Freud now lets Elisabeth also tell her memories. He's trying to find out when her pain started. But the symptoms are not alleviated, they actually get worse. Elisabeth seems to be on the verge of needing a wheelchair. But then Freud manages, despite the unwillingness of his patient, to expose the causal memory. Elisabeth tells him that when she went to visit her sister on her deathbed in the hospital, she was already dead and her face was already covered. The first thing she thought on her sister's deathbed was that she could now marry her brother-in-law. She fell in love with him while walking at the time her father was on his deathbed. Nothing had happened between the two of them, but the shame of having thought such a thing caused pain in her leg. After uncovering the psychological cause, Elisabeth is able to walk again. The most important part of the treatment is now complete. Elisabeth later married and had children. But her husband was not Friedrich Wohlmuth.

About fifty years later, the development of psychoanalysis made Sigmund Freud known worldwide. After Austria was annexed to National Socialist Germany, he had to leave Berggasse 19 and his country, now often sitting in a wheelchair. But he takes the steps out of his apartment, in front of SA men , without the aid of crutches or a wheelchair. He spent the last days of his life in England , knowing that the USA would also have taken him in. President Roosevelt had personally offered him this in a letter, with appreciative words.

background

The play Berggasse 19 is based on the play A Far Country by the American writer Henry Denker . The play, staged by Ernst Haeusserman (1916–1984) at the Theater in der Josefstadt , had its Austrian premiere on June 7, 1979. In January 1980 there was a resumption for four evenings.

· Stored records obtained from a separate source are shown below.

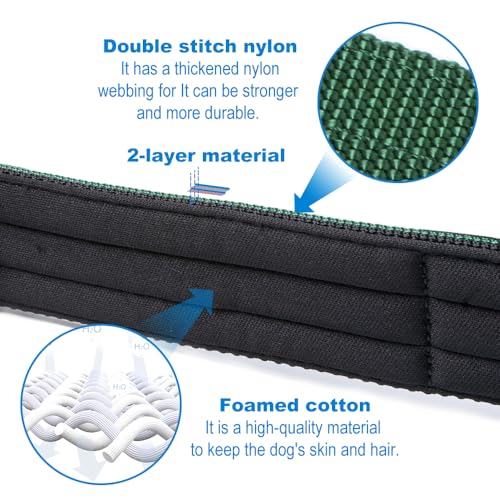 Detalle 1 de TSPRO Collar táctico ajustable 3,8 cm para perros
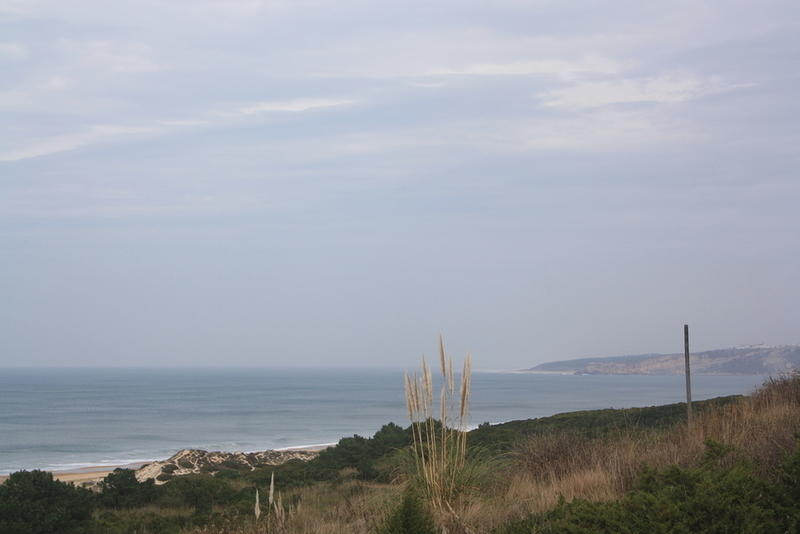 IMG 0419 Easy-Resize.com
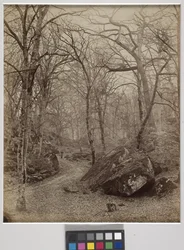 Fontainebleau, kolem roku 1870 (tisk alba)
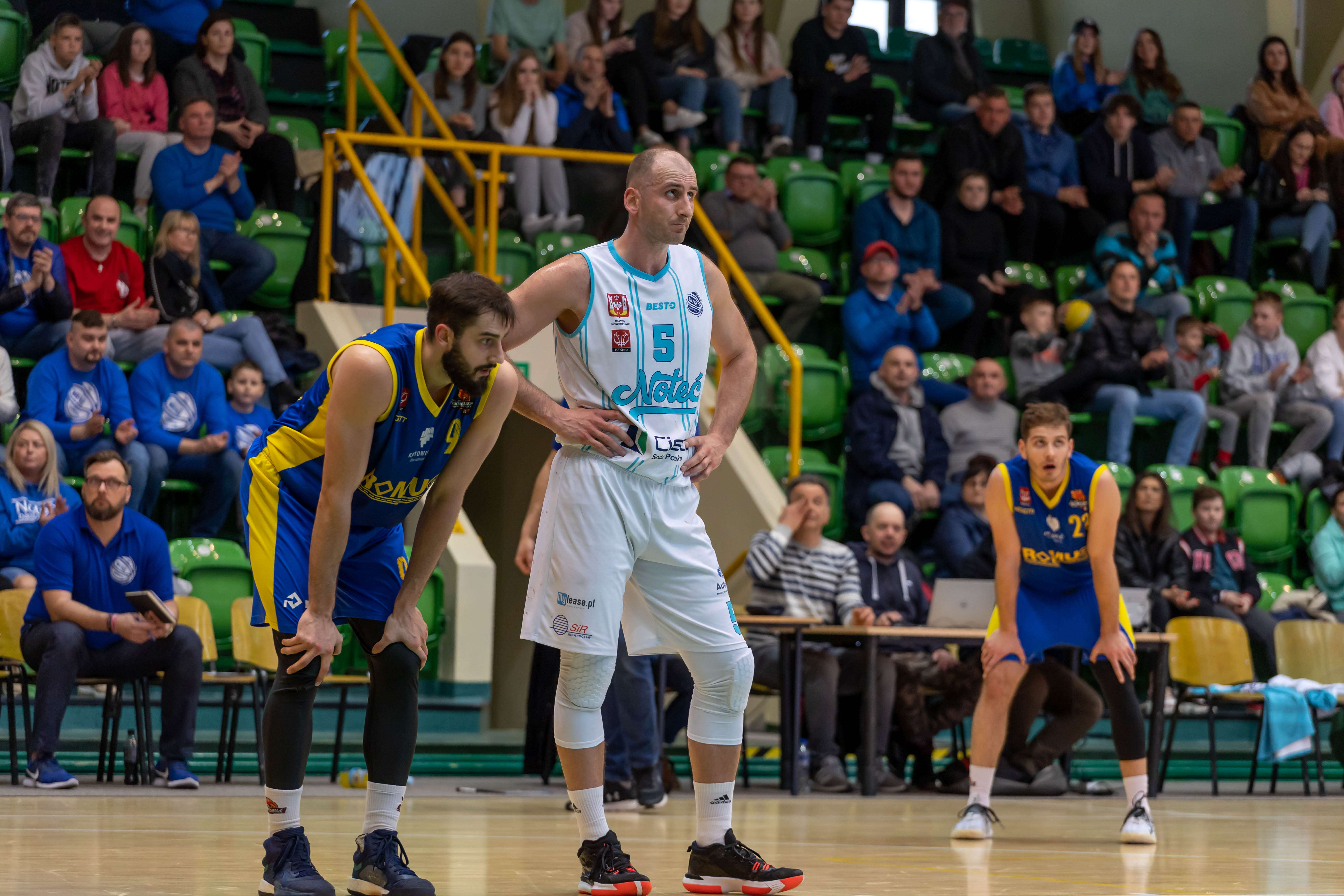 KSK Ciech Noteć Inowrocław - AZS AWF Mickiewicz Romus Katowice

The 63-year-old actor Curd Jürgens , who played both the young and the old Freud at the side of Mijou Kovacs (Elisabeth), was not sure in an interview at the time whether he was still up to the role of the young Freud. In Berggasse 19 , Jürgens played one of his last leading roles in the theater. He died in 1982.

The piece was recorded for television in the form of a joint production by ORF and Bayerischer Rundfunk . The film was broadcast on the 3sat TV station on April 22, 2006 on the occasion of Sigmund Freud's 150th birthday (May 6, 2006) .

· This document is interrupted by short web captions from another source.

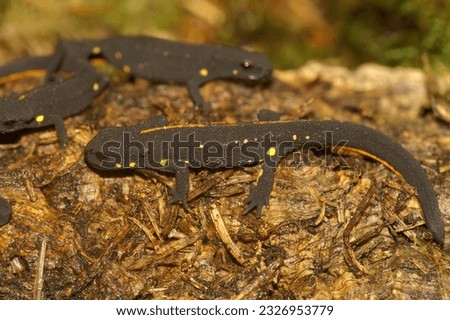 Natural closeup on a terrestrial juvenile of the endangered Chinese warty newt, Paramesotriton chinensis sitting on dried leaf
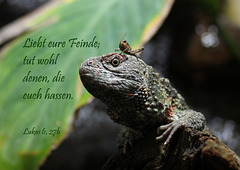 Spruchkarte 4/2015 - gedruckt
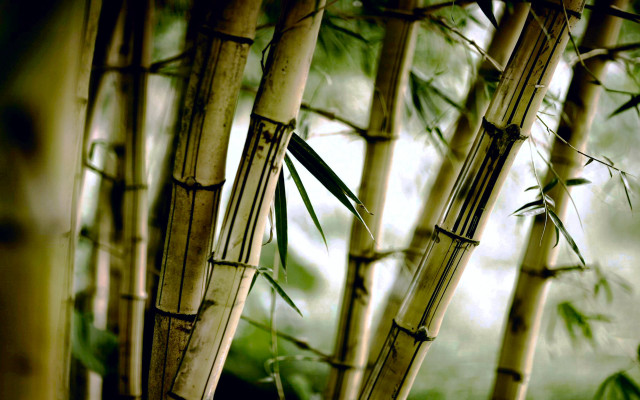 Bamboo tree green leaves blurry free wallpaper - medium preview image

The film was released on DVD in 2007.

media

  • DVD: Berggasse 19. Edition Josefstadt, Hoanzl

References and comments

  1. Checked by means of a recording from April 22, 2006 by the television station 3sat .
  2. Hans Heinz Hahnl : Henry Denker's "Berggasse 19" in Josefstadt: A cup of coffee for Dr. Freud . In: Arbeiter-Zeitung . Vienna June 9, 1979, p. 14 ( Arbeiter-zeitung.at - the open online archive - digitized).
  3. ^ Curd Jürgens Freud again in Josefstadt . In: Arbeiter-Zeitung . Vienna January 3, 1980, p. 12 , above ( berufer-zeitung.at - the open online archive - digitized).
  4. ^ Personal details (...) Curd Jürgens . In: Der Spiegel . No. 24/1979 , June 11, 1979, ISSN  0038-7452 , pp. 218 ( Spiegel Archive [accessed September 5, 2012]).